My sister and I keep loose tabs on each other, reconvening wherever we find free samples, and there are plenty: briny beer cheese strings offered on toothpicks, candy-coated watermelon, sambuca almonds.
At the Olive Me booth, Kiley is squirreling away olive samples. I join her and soon we’re both chipmunk-cheeked. We try the Full Monty (stuffed with almonds, feta, dill, and garlic) and the Great Mistake (almond, sundried tomato, garlic, and basil), the Five Alarms (jacked up with chili flakes), feta pesto, and the Hot Chili Lime. Deli containers of these go for $8 and would be a complete dinner with a bottle of wine.
Though the market is predominantly fruit and vegetable vendors, several tables are rented by local artists like “trashcrafter” Jan Przysiezniak of Jelly Parrot Trash Crafts. His work is 99% reclaimed or recycled materials, keeping in tune with his purpose to create “handmade goods in an environmentally respectful fashion, and to make a comfortably slow and healthy living at it.” His “upcycled” journals are a genius conversion of old LPs and album covers filled with recycled two-sided music sheets, bound together by re-used wire hanger spine coils. He converts some of the smaller vinyl scrap into coasters. Jan does exactly what he promises, “turning the discarded into the niftily useful.” Flipping through the album covers, I remember my own trashcrafting days: stealing my grandmother’s old nylons and wire hangers to create fishing nets to catch crayfish and minnows. Przysiezniak definitely capitalized on a more solid business plan with his upcycling.
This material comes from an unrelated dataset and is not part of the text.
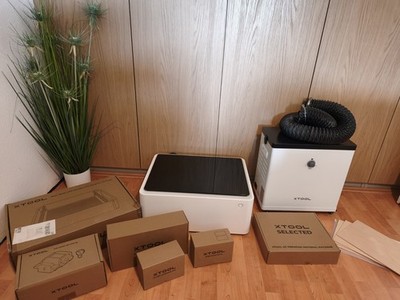 xTool M1 10W Komplett-Set mit umfangreichem Zubehör - sehr gut gepflegt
Before we hop on the High Level Bridge Streetcar (“the world’s highest streetcar river crossing”) to downtown, we stop in at Catfish Coffee Roasters to recalibrate. Dominic, the owner, is handsome and grinning, amiable and apparently in love with his coffee beans. I already know I want a half pound, for the name alone: Whisker Twister dark roast ($8), though the Black Cat Cuckoo Italian espresso and Brew Ha Ha are equally appealing. The small-batch roasting company adheres to very responsible standards by only offering what’s seasonally available and organic. A catalytic afterburner reduces roasting emissions to less than 10%.
When I ask about where his beans can be purchased outside the market, Dominic emphasizes that he wants to retain his smallness, to keep the business as “non-work.” Instead of mass popularity and being readily available in chain stores, he wants the peaceful and relaxed farmer’s market atmosphere. For him, it’s all about the interaction and conversation, and sharing coffee love.
He explains the process in making decaf beans (with steamed saltwater versus the standard acetone), how Indian monsoons pummel beans in that region and create an entirely different flavour profile. “Do you taste burlap and burnt grass in the light roast?” It’s all about the terroir (soil), we learn, as I get my beans ground for my French press. Like all the market vendors, Dominic loves what he does and sharing how he does it.
We leave the market, loaded down with pickle jars, mustards, hemp bars, and coffee, feeling like we’ve made a genuine contribution to the local community.
Two days later, back in Toronto, I make note of the Wednesday night market close to my neighbourhood. After talking with the Old Strathcona vendors, I want to hear the story behind the apples and honey I routinely buy. I want to learn about the generations that have tapped the sugar maples to make my syrup. I want to thank the farmer who has toiled to produce the beets and asparagus I fill my vegetable crisper with.
Digging into Bea’s mustard pickles, I realize that despite living in the city, I can still connect with my roots and bring the farm into my home.
Get there: The Old Strathcona Farmers’ Market is open 8-3pm Saturdays, year-round.